C’era una volta lo stato giuridico, cioè un insieme di norme legislative che regolavano ogni aspetto del rapporto di lavoro dei dipendenti pubblici, dall’assunzione al pensionamento.
Tutto era definito per legge e anche i contenuti specifici della contrattazione con i sindacati finivano in un provvedimento legislativo (DPR) nel quale le Organizzazioni sindacali avevano soprattutto un ruolo di proposta e di consenso.
C’era, fin dal 1957, il Testo unico degli impiegati civili dello Stato che affondava le sue radici nelle lontane regole pubblicistiche del rapporto di lavoro e che aveva fatto poi da “padre” a diverse produzioni minori dei vari comparti pubblici che, per la scuola, furono raccolte in uno dei decreti delegati del 1974.
Circa quindici anni fa, nella modernizzazione del Paese lo Stato giuridico del personale civile dello Stato è diventato oggetto di revisione e la maggior parte dei contenuti del rapporto di lavoro sono stati contrattualizzati, secondo le regole civilistiche che da tempo guidavano i rapporti di lavoro del settore privato.
Da quel momento il rapporto di lavoro dei dipendenti pubblici è stato in prevalenza di natura privatistica, cioè definito direttamente dalla contrattazione, lasciando al vecchio stato giuridico pochi contenuti ancora di competenza diretta dello Stato.

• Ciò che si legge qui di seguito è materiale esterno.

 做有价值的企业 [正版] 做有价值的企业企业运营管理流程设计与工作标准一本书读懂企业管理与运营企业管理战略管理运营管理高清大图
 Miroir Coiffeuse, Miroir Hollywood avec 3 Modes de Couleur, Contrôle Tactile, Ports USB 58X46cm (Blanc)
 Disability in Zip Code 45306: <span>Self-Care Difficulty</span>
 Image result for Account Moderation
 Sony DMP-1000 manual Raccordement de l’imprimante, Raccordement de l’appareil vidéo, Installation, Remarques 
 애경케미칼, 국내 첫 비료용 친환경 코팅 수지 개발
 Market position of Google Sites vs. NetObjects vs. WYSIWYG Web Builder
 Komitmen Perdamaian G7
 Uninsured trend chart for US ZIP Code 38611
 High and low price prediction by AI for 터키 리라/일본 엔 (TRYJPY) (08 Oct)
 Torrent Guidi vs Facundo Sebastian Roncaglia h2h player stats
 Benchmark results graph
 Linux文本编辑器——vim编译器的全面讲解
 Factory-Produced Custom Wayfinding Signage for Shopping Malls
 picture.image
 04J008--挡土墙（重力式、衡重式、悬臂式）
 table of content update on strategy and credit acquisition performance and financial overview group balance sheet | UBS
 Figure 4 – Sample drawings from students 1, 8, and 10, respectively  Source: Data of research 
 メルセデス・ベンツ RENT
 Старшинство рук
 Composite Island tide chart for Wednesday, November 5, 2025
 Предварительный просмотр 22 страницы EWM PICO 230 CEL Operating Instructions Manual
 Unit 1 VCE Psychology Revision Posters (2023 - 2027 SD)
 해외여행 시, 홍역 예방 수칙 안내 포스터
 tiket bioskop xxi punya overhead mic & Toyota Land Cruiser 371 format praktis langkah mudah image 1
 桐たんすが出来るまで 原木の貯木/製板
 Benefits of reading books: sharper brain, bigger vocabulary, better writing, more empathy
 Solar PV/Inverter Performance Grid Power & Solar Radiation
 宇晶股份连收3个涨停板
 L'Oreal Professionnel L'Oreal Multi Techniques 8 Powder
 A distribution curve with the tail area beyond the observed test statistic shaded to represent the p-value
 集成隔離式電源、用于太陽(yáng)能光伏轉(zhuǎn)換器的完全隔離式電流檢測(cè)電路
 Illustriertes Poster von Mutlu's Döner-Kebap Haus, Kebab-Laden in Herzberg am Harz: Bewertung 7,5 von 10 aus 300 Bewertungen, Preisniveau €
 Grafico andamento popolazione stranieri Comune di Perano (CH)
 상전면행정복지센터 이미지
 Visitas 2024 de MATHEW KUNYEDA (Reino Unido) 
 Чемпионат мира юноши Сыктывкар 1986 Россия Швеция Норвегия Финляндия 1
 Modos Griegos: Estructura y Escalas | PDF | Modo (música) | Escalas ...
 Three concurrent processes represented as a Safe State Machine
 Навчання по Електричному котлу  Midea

E ora che succede? Sembra di assistere a un’inversione di tendenza. Probabilmente nessuno pensa di annullare la privatizzazione del rapporto di lavoro dei dipendenti pubblici, ma dietro la previsione che diversi importanti suoi contenuti ritornino all’interno dello stato giuridico, come sembra in programma, si nasconde la volontà di restituire potere al Parlamento e all’Amministrazione pubblica, ai danni dei sindacati.